Basis for the Dishonorable Nomination: Rape has always been disgusting and destructive for its victims. Rape or attempt to rape is a crime not just against an individual but an offense that destroys the basic equilibrium of society.
Scientists wrote that in many of the countries surveyed, gender inequities “effectively create a culture in which male perpetration of gender-based violence is tolerated at best and expected at worst.” We know certain things about rapists: Men with a history of victimization, such as experiencing childhood physical or sexual abuse, emotional abuse or neglect in childhood, are more likely to commit sexual violence than those without such a past. Men who were poor or had no high school education were more likely to have raped in a group setting.

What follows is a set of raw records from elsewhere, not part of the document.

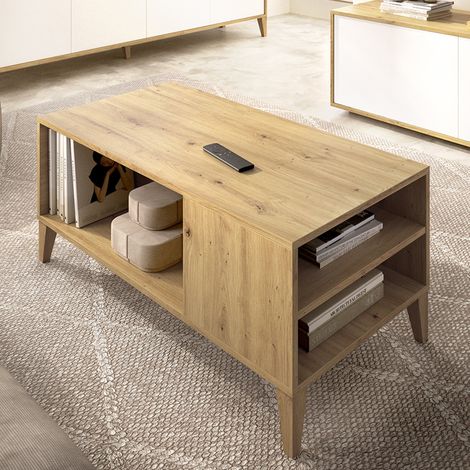 Fairbury Couchtisch, Schubladen, mit Füßen, 3 Fächer, 50x100x43h cm Braun Eichenholz Knoten (1/4)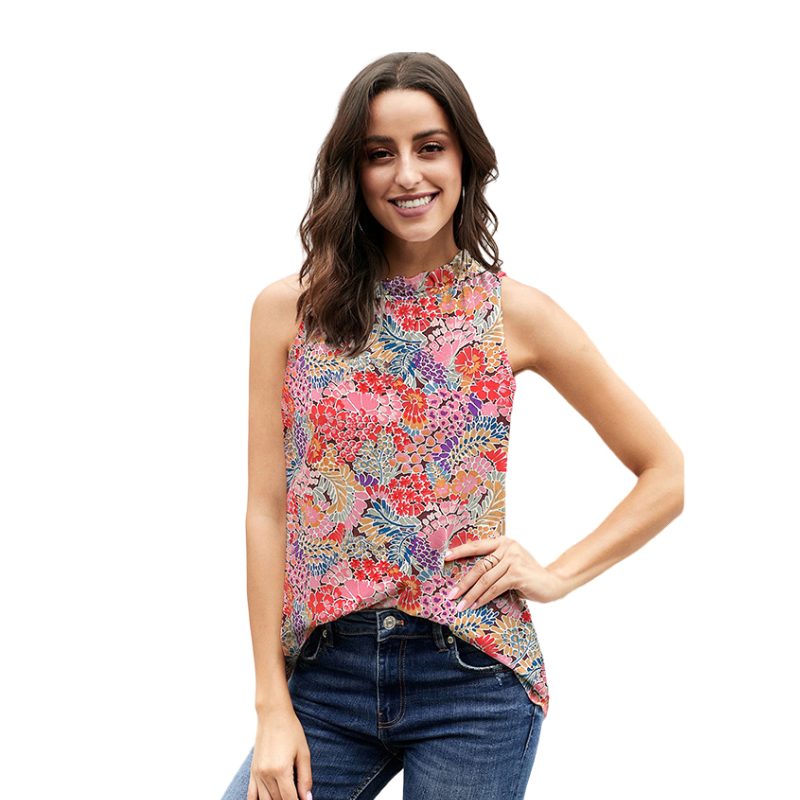 Floral Print Pullover Vest For Women Summer Round Neck Sleeveless Ruffle Top Women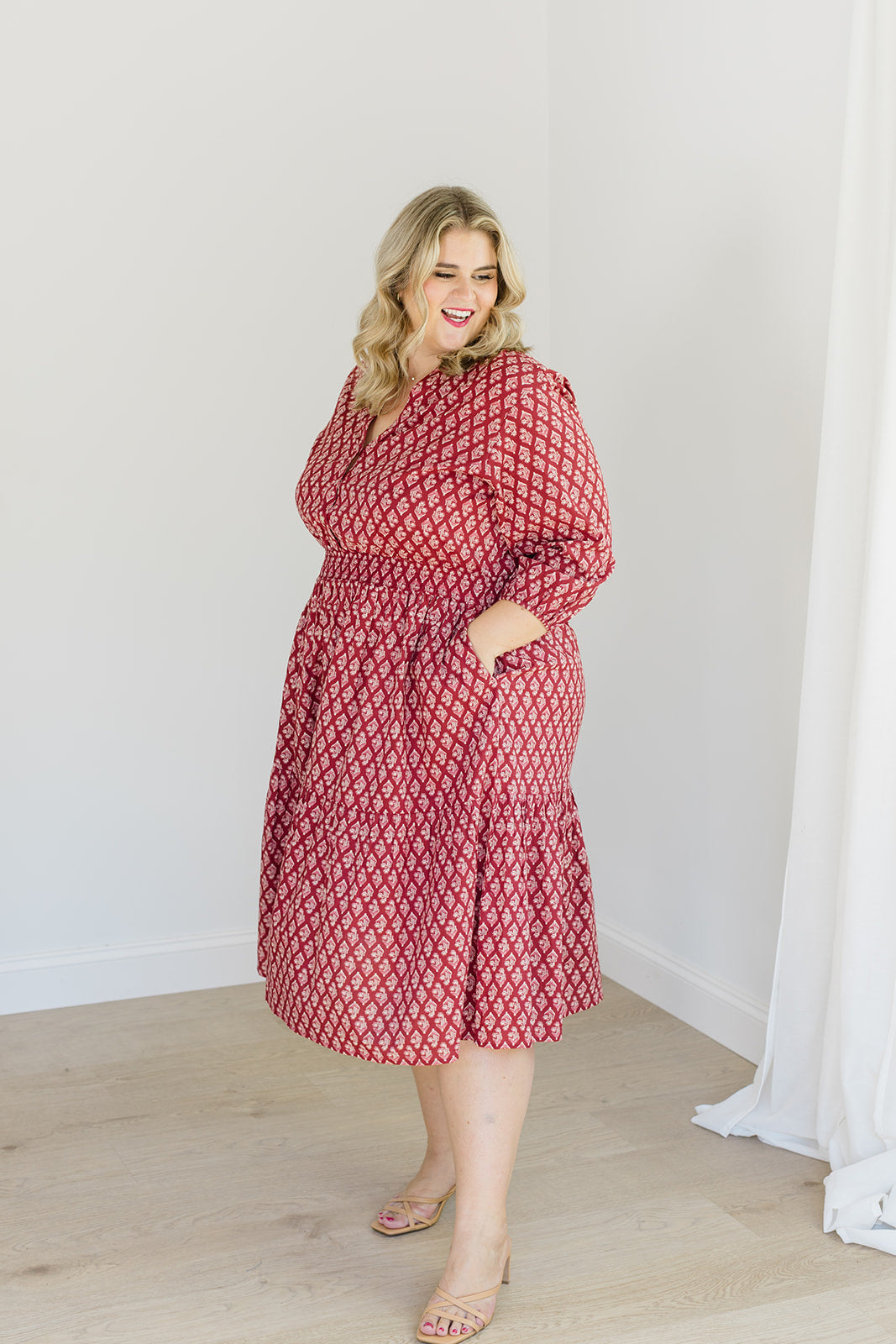 The Francesca Midi Dress In Spiced Merlot | Includes Plus Size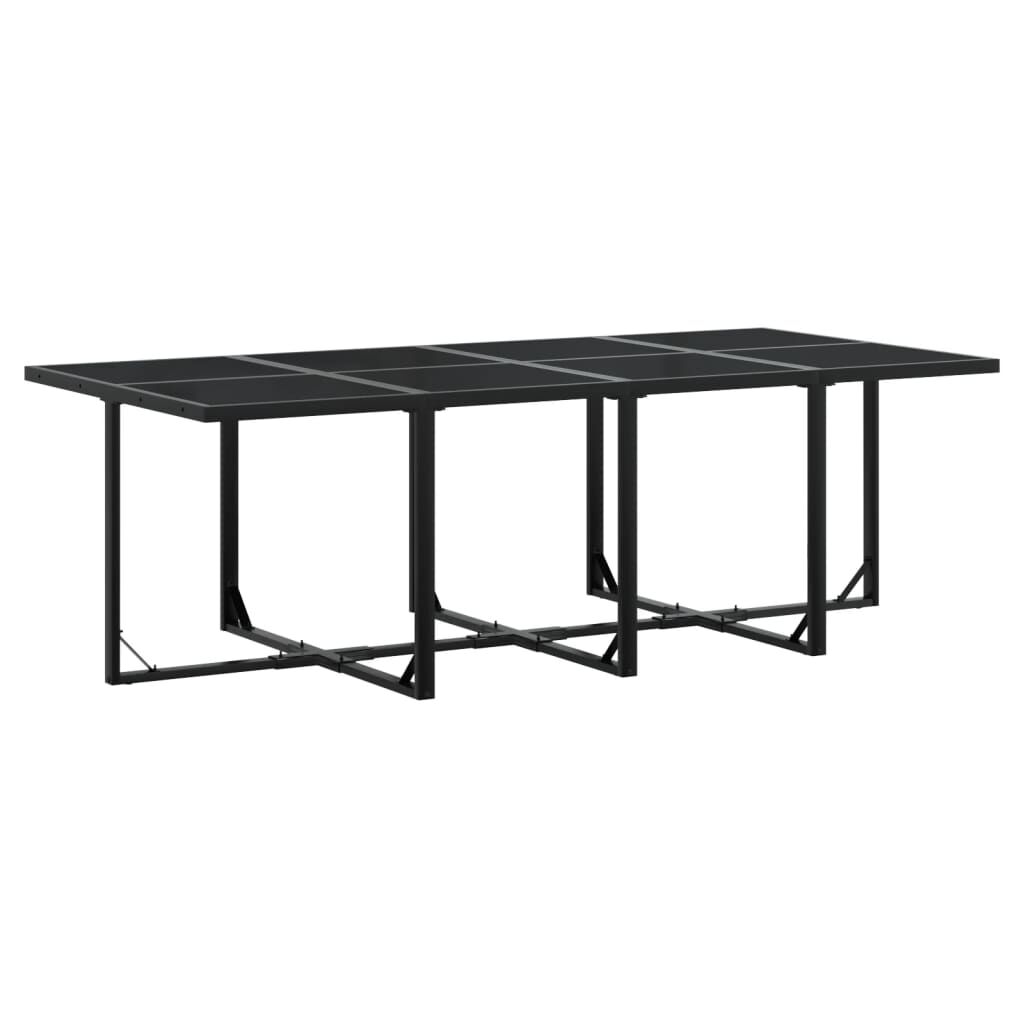 vidaXL 13 Piece Garden Dining Set with Cushions Black Textilene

“The challenge is now to turn evidence into action, to create a safer future for the next generation of women and girls,” a group of researchers led by Michele Decker of the Johns Hopkins Bloomberg School of Public Health said. There is also an important legal component to preventing rape that should not be ignored: The Lancet report found, “Of those men who had admitted to rape, the vast majority (72-97 percent) did not experience any legal consequences, confirming that impunity remains a serious issue in the region.”
We can do something smart or stupid with the latest findings: To be as cunning as those male rapists, rape prevention strategies need to focus on the structural and social risk factors for rape, and then steadfastly thwart them. We need to overhaul rape laws to expand the definition of rape and toughen up punishments for the perpetrators of sexual violence. For the message to be strong and consistent, men must back up women’s voices, and I’ll be happy to be a real man and join the chorus.